WHAT TO PRODUCE: Look for the line with "Красивый вид на море" in the entries below, then extract that line and all lines after it exactly, with pictures left out.

TASK INPUTS:
■ ■ ■ ■ ■ ■ ■
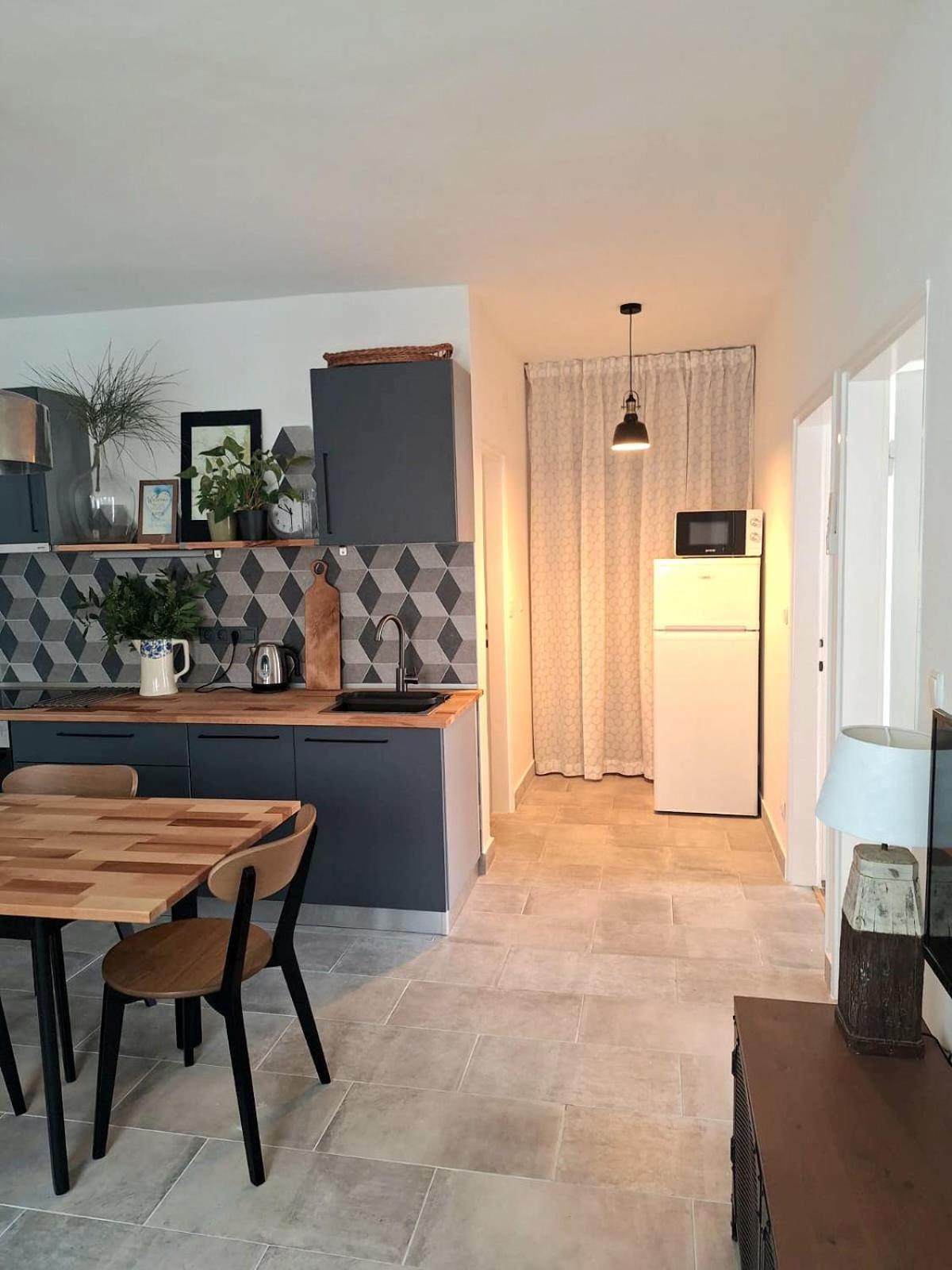 Apartman Matusan Palit55 Rab Town Exterior foto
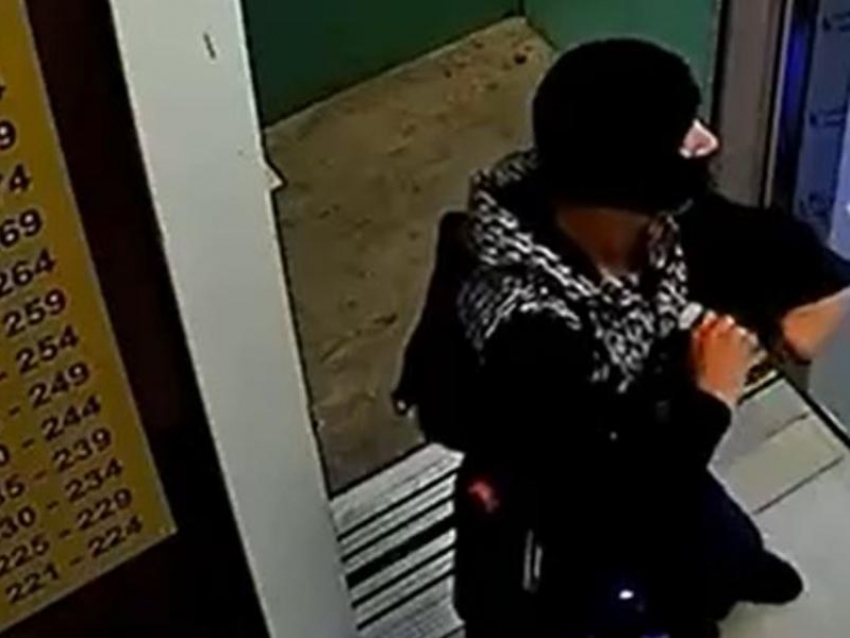 Серия велосипедных краж продолжает будоражить жителей воронежского ЖК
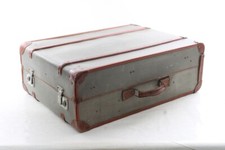 alter Koffer Reisekoffer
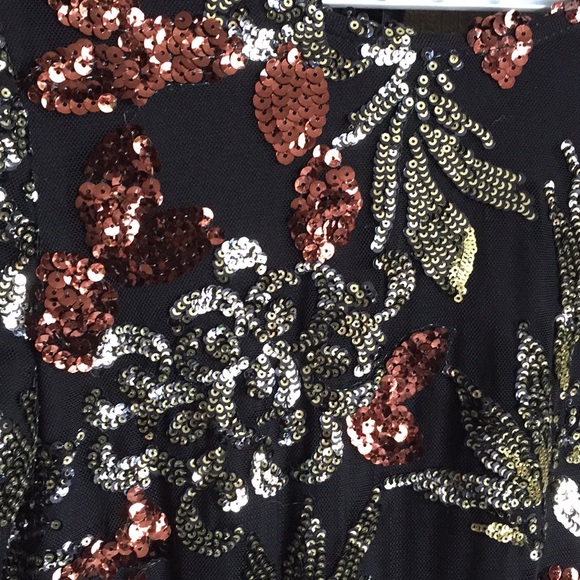 Sparkly open back dress - Picture 3 of 5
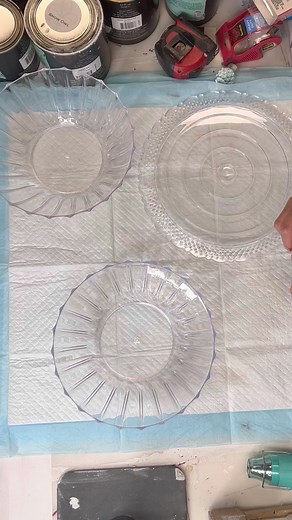 Easy Dollar Tree Plastic Christmas Ornament ! #diyproject #christmas2023 #christmasdecor | Chalk It Up Fancy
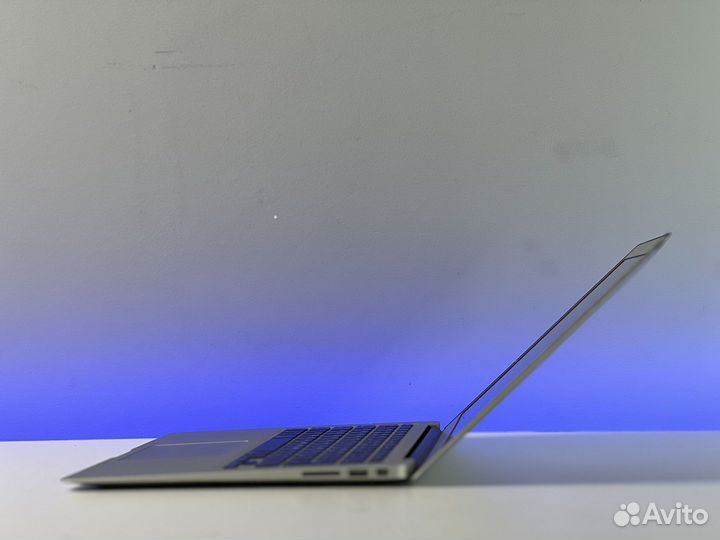 MacBook Air 13” 2017 Core i5 8g озу SSD диск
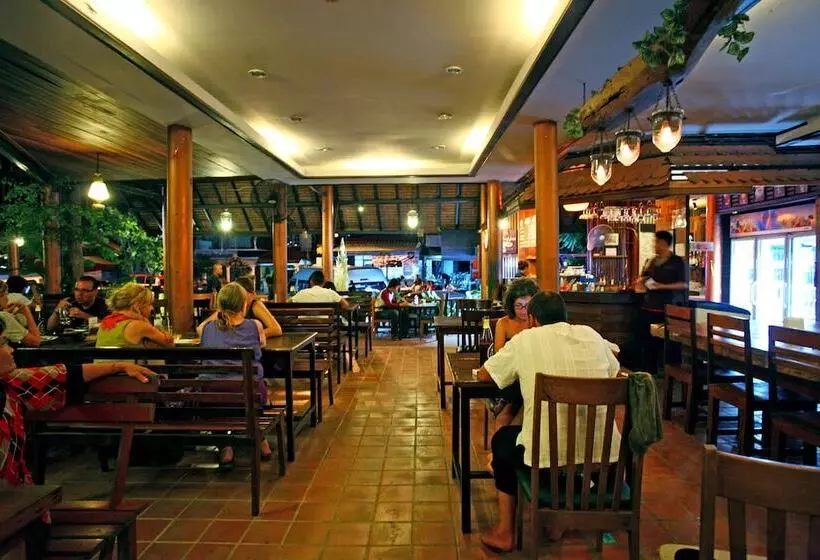 تختخواب و صبحانه Tony S Place Beds And Breakfast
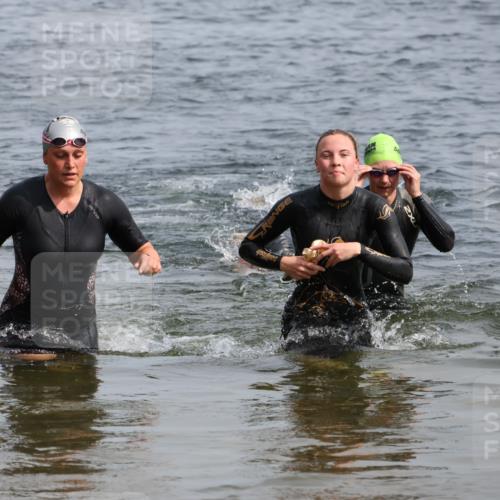 15.06.2025 - 27. Vierlanden-Triathlon Lena Gebhardt http://msf.ph/oto/8013001 15.06.2025 10:13:34 Schwimmen 545, 585, 622, 623 meine-sportfotos.de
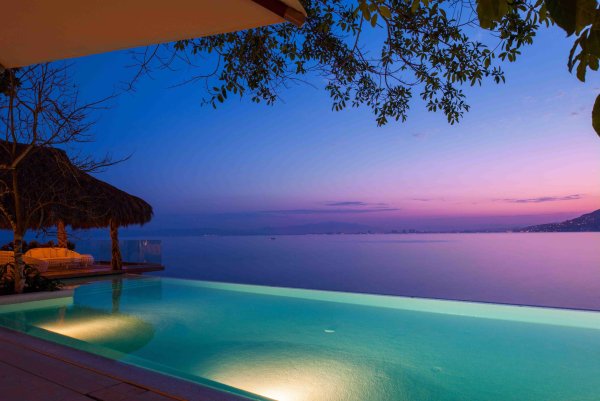 Красивый вид на море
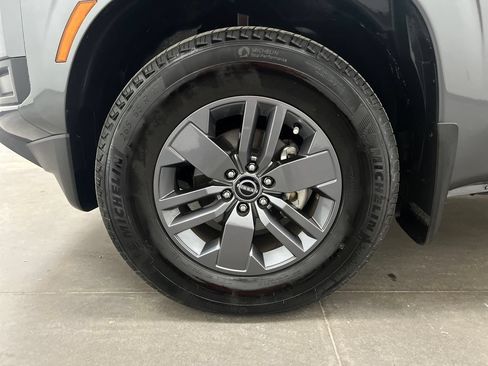 Used 2025 Nissan Frontier SV w/ Tow Package RWD image 29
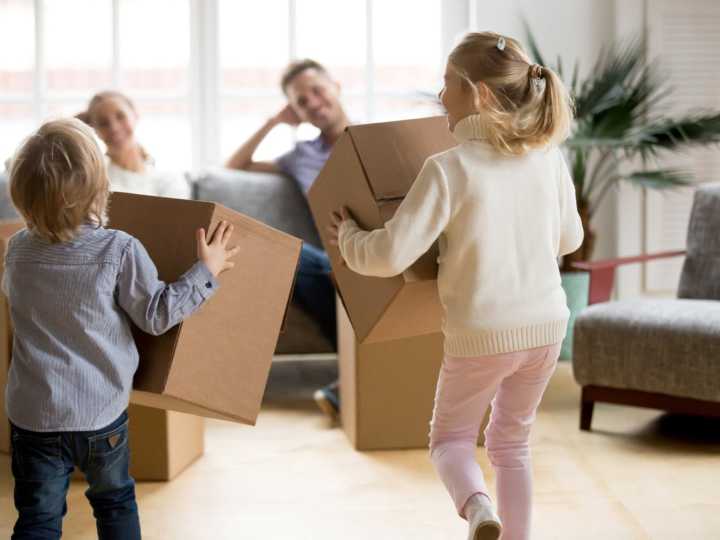 "Mi suegra se mudó con nosotros y nos ayuda con el cuidado de los niños: es la mejor decisión que tomamos"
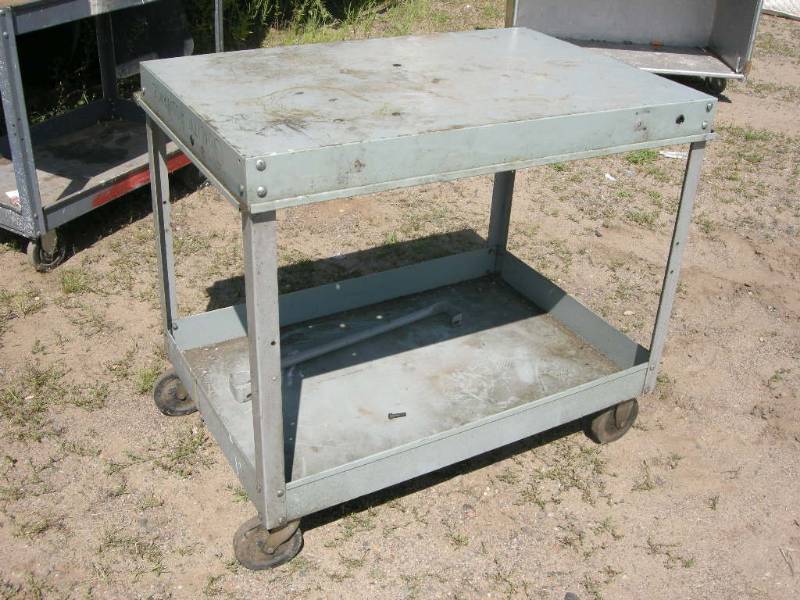 lot 38 image: Rolling Shop Cart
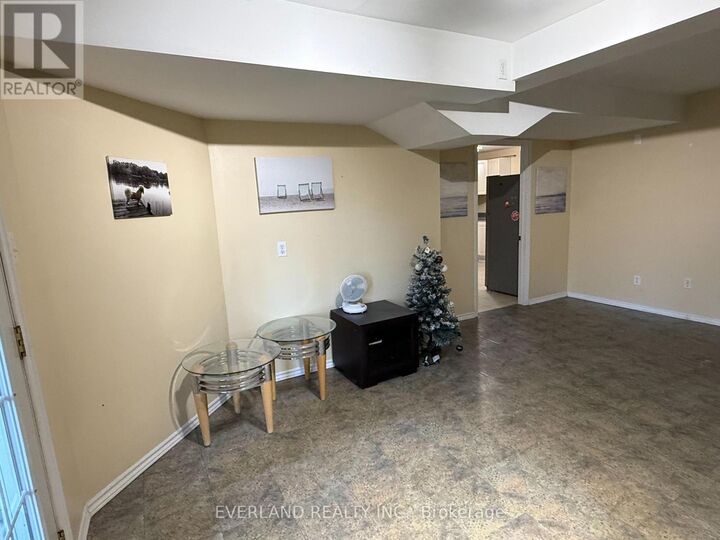 Property Photo:  156 Bristol Road Basement  ON L3Y 7W8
■ ■ ■ ■ ■ ■ ■
COMPLETED TASK:
 Красивый вид на море
 Used 2025 Nissan Frontier SV w/ Tow Package RWD image 29
 "Mi suegra se mudó con nosotros y nos ayuda con el cuidado de los niños: es la mejor decisión que tomamos"
 lot 38 image: Rolling Shop Cart
 Property Photo:  156 Bristol Road Basement  ON L3Y 7W8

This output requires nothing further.